Lines to restate from the data below: from the one containing "Fotelj Luna, Siva, Funkcija" to the one containing "CICADA Diamond Blue Sapphire Flower Ring | Thumbnail 2 CICADA", both included. Give them again exactly, and only them.

= Information given =
──────────

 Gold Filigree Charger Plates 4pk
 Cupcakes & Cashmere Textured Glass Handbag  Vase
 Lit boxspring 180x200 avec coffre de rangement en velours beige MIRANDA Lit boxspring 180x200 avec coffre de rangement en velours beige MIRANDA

──────────

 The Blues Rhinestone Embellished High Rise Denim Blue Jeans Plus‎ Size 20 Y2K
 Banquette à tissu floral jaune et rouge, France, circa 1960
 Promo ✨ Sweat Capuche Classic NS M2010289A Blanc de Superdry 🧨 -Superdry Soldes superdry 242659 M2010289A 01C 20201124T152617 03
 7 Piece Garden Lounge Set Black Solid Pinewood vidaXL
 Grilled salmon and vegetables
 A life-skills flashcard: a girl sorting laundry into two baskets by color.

──────────

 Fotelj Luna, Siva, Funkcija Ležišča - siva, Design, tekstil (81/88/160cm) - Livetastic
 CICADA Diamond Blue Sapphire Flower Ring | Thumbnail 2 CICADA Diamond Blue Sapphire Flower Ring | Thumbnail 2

──────────

= Exercise answer =
 Fotelj Luna, Siva, Funkcija Ležišča - siva, Design, tekstil (81/88/160cm) - Livetastic
 CICADA Diamond Blue Sapphire Flower Ring | Thumbnail 2 CICADA Diamond Blue Sapphire Flower Ring | Thumbnail 2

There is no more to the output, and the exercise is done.